Climate-FVS simulations

FIA field plots were loaded into FVS and simulations were run using Climate-FVS under two climate scenarios—no climate change and Ensemble 6.0 (described below). The climate parameters for the no climate change scenario were climate normals for the period 1960–1990, and these values were set to be constant during the 100-year simulations. The Ensemble 6.0 is a Climate-FVS future climate scenario based on RCP6.0 models reported in the 5th assessment of the Intergovernmental Panel on Climate Change [22]. We focused on Ensemble 6.0 because it is a moderate future climate scenario, yet the predicted change in climate may allow forest managers the ability to maintain current forest conditions. Climate-ready FVS data (i.e., future climate estimates and species viability scores) for the FIA plots were obtained from the FVS-Climate Server [36] and loaded into the FVS input database. Examples of forest-wide climate values are summarized in the supplementary section (Additional file 1: Table S1).
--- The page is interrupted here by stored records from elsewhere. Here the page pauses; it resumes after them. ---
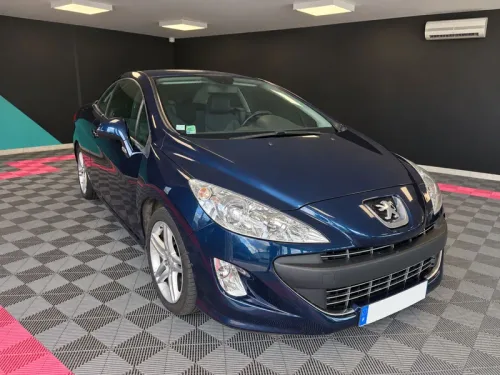 PEUGEOT 308 CC 2.0 HDi 16V 140ch FAP Féline
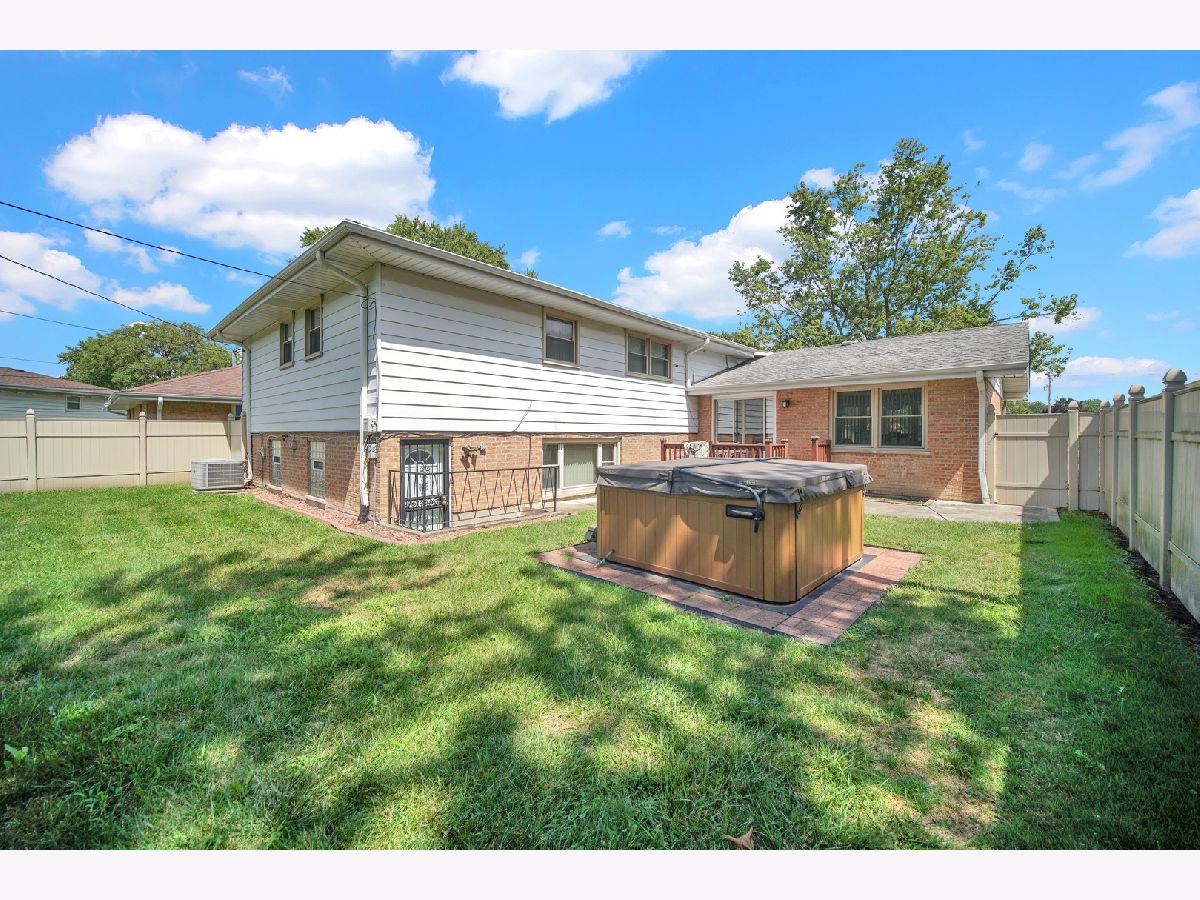  For Sale South Holland Illinois, 17106 Ingleside Avenue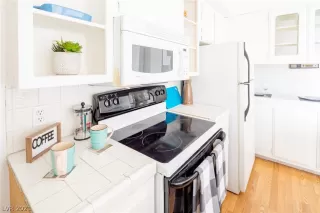 Photo #6: 2246882 Listing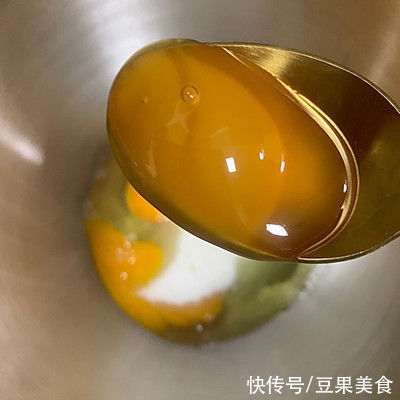 脆皮|美味签到——吃过都说好的自制脆皮蜂蜜小蛋糕，零失败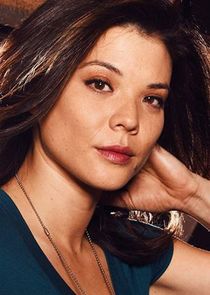 Jeananne Goossen
as Dr. Krista Bell-Hart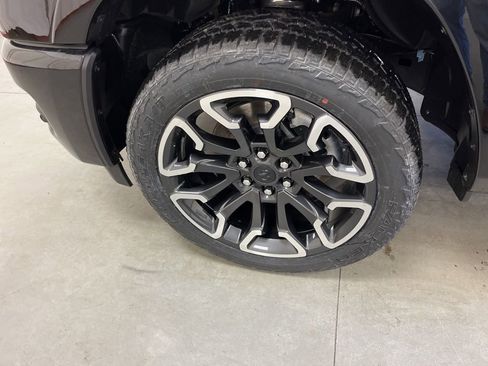 New 2025 RAM 1500 Limited w/ Off Road Group image 17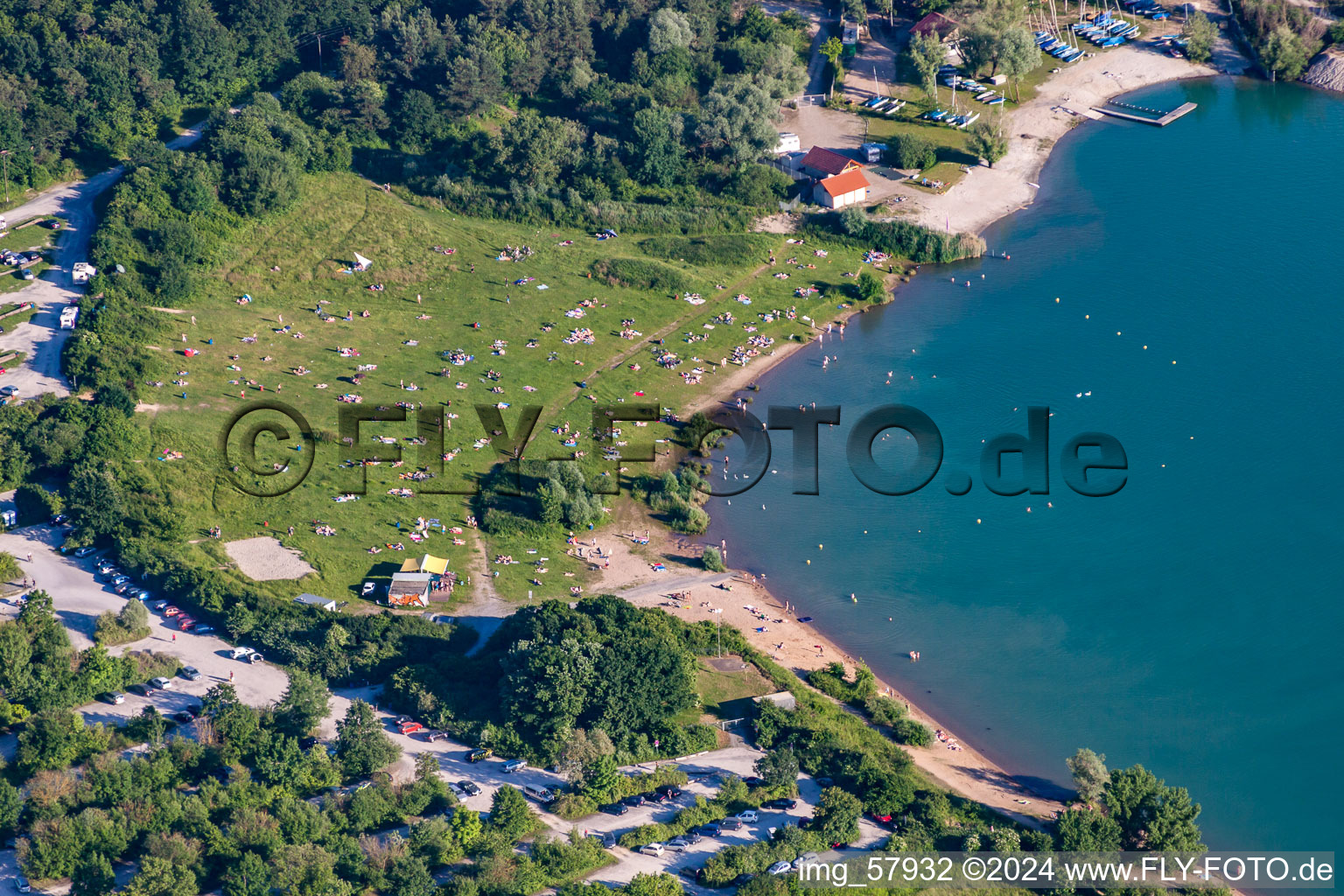 Vue aérienne de Foule massive de baigneurs nus sur la plage et les rives du lac nudiste Epplesee à le quartier Silberstreifen in Rheinstetten dans le département Bade-Wurtemberg, Allemagne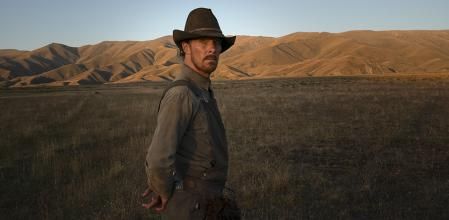 THE POWER OF THE DOG: BENEDICT CUMBERBATCH as PHIL BURBANK in THE POWER OF THE DOG. Cr. KIRSTY GRIFFIN/NETFLIX © 2021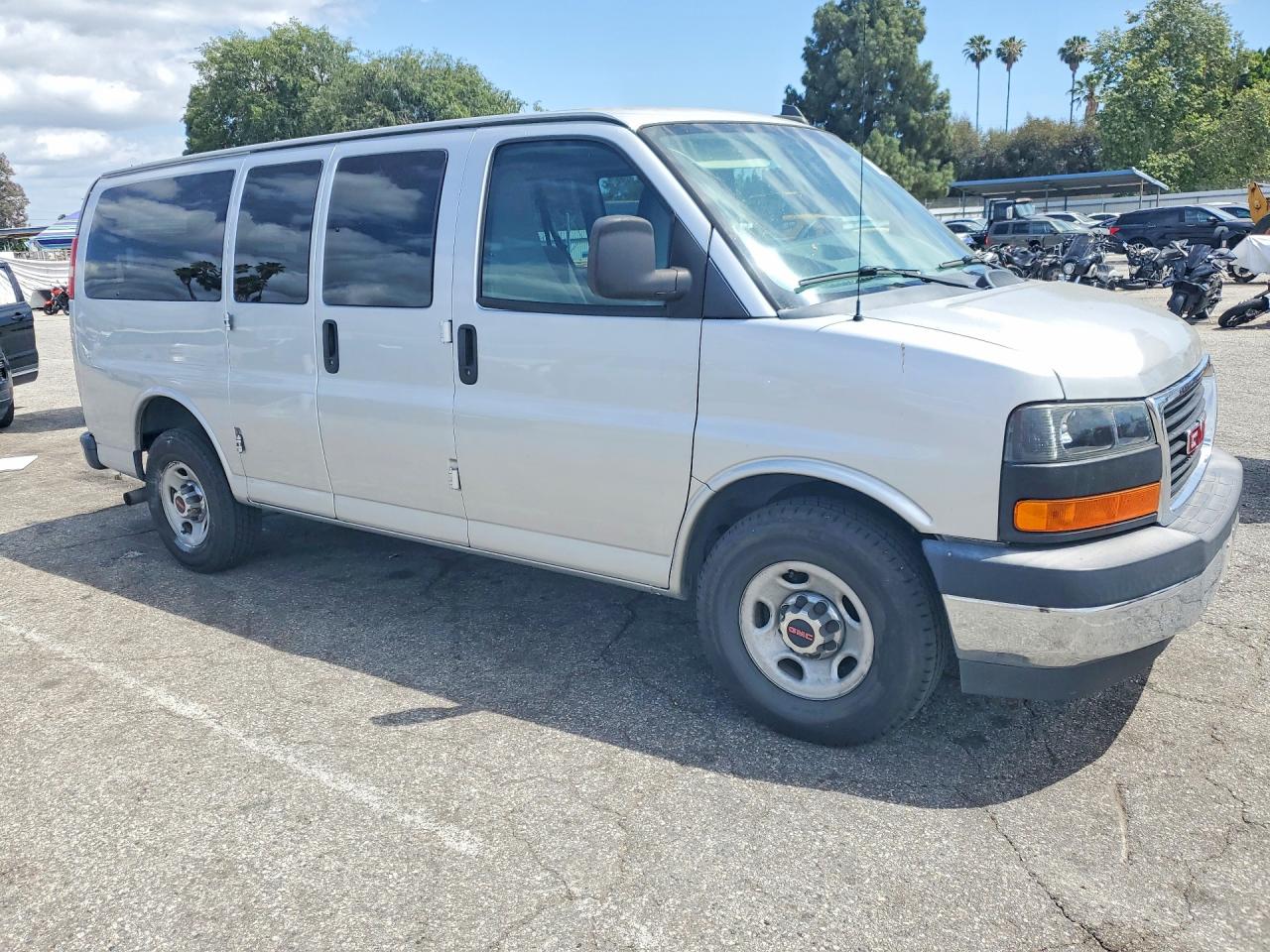 2017 Gmc Savana G2500 Lt Серебряный vin: 1GJW7FFF2H1312758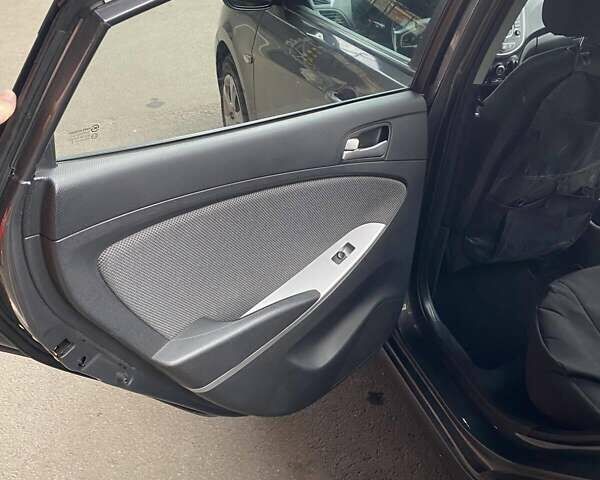 Серый Хендай Акцент, объемом двигателя 1.4 л и пробегом 105 тыс. км за 7200 $, фото 5 на Automoto.ua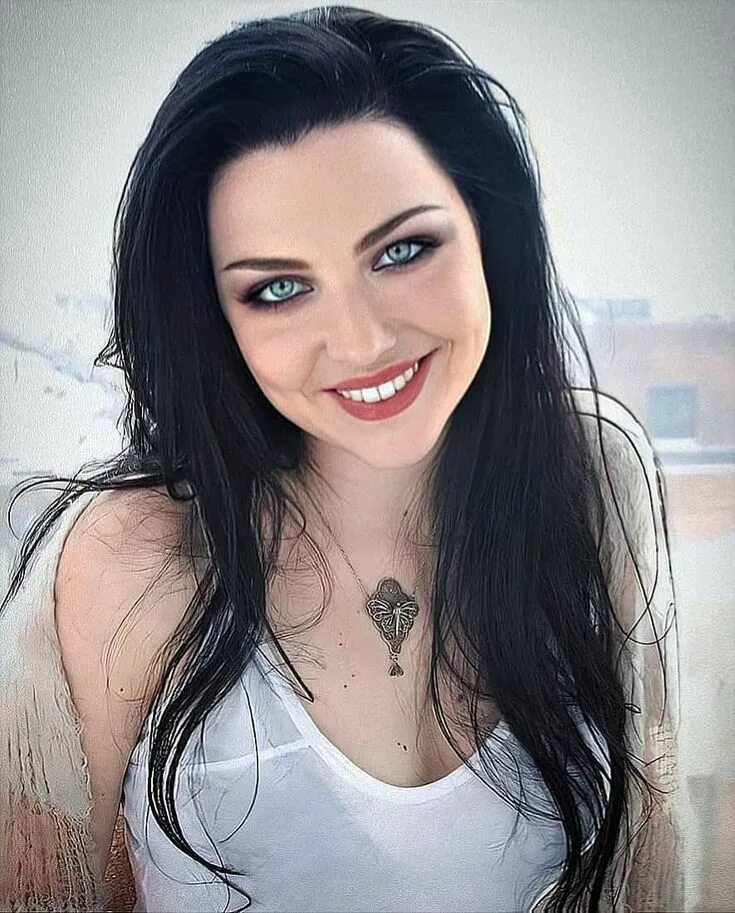 Amy lee сейчас. Emmy lee. Amy lee. Эми ли эванесенс. Эми ли эванесенс.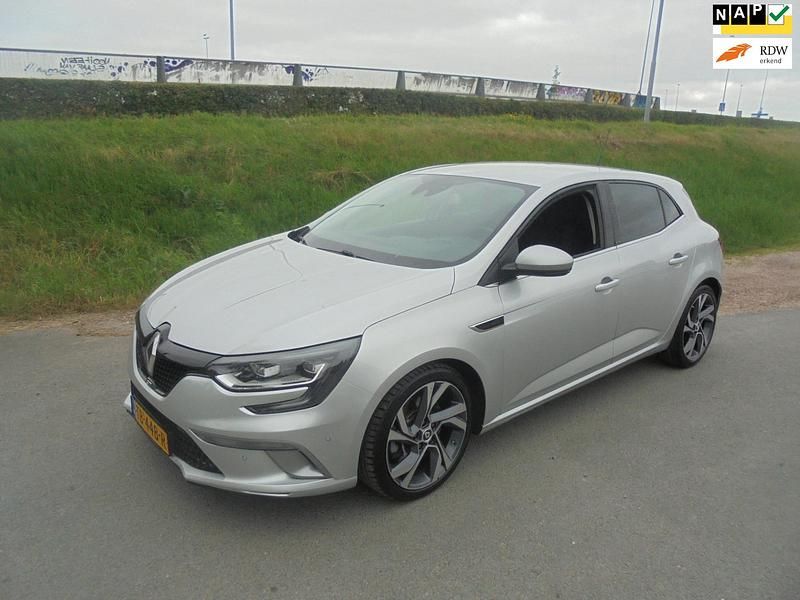 Grijs Gebruikt 2017 Renault Mégane GT GT Coupé | € 12.999 (Eerlijke prijs) - Afbeelding 1/4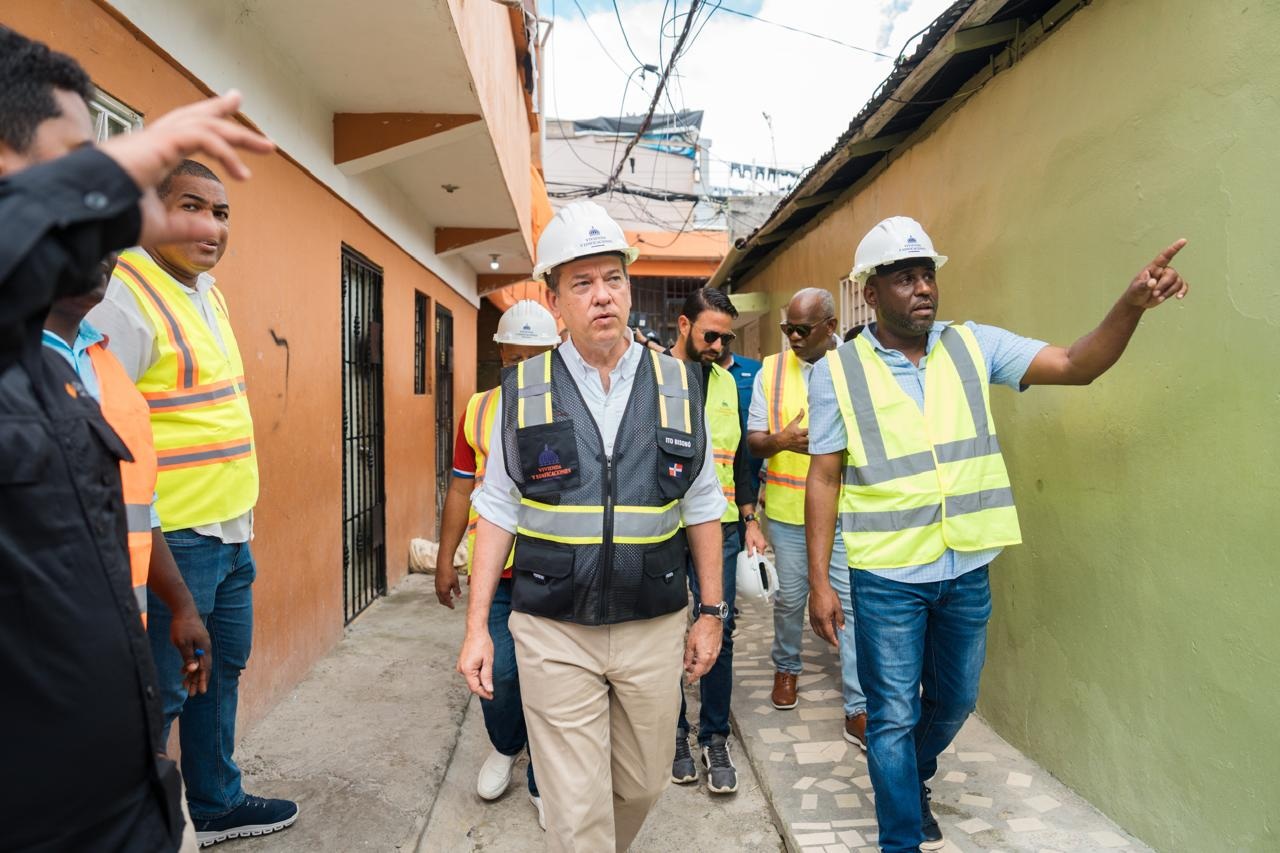 El Gobierno dominicano inicia la reparación cientos de viviendas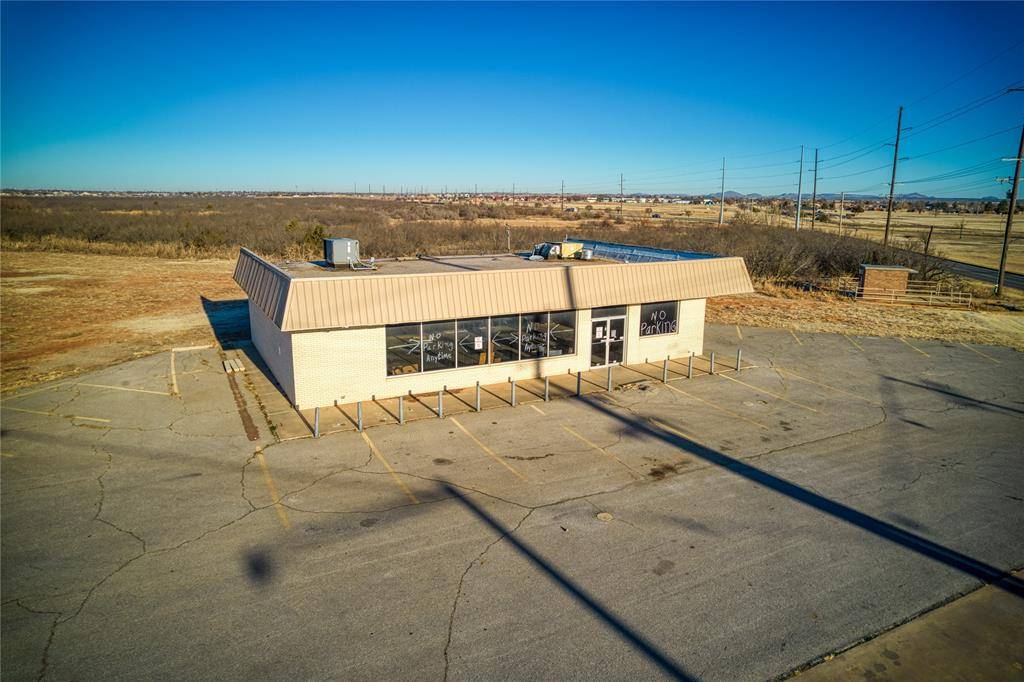 Altus, OK 73521,2421 E Falcon Road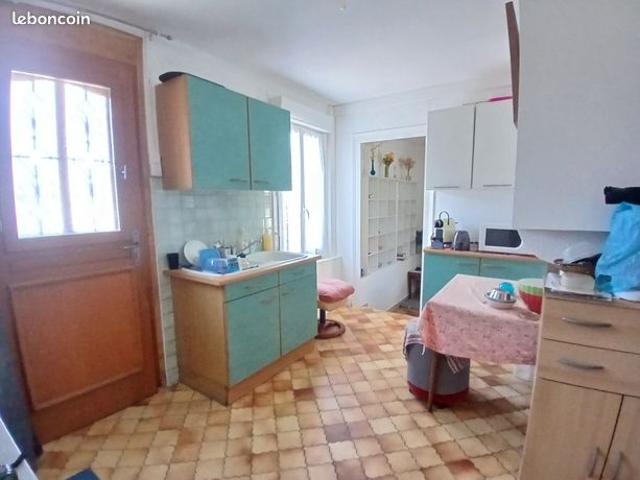 Maison vente à Confolens, Ambernac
Regeneration was simulated within Climate-FVS by planting up to 4 different species at a seedling density of 1235 trees per hectare when the stocking level fell below 40% [22]. We felt this was a conservative reforestation density that exceeds current restocking requirements. FVS can allow for natural regeneration; however, reliable natural regeneration establishment rates covering the entire study area would have been required to parameterize the model. Our reasoning for using artificial regeneration was to ensure seedlings always had the opportunity to be present. No allowance was made to ensure that a seed source was present at the plot; this effectively allowed for new species to migrate into the simulated plot. The species regenerated were limited to species currently found in the respective FVS variant, and preference was given to species climatically suited for the site at the time the regeneration was simulated.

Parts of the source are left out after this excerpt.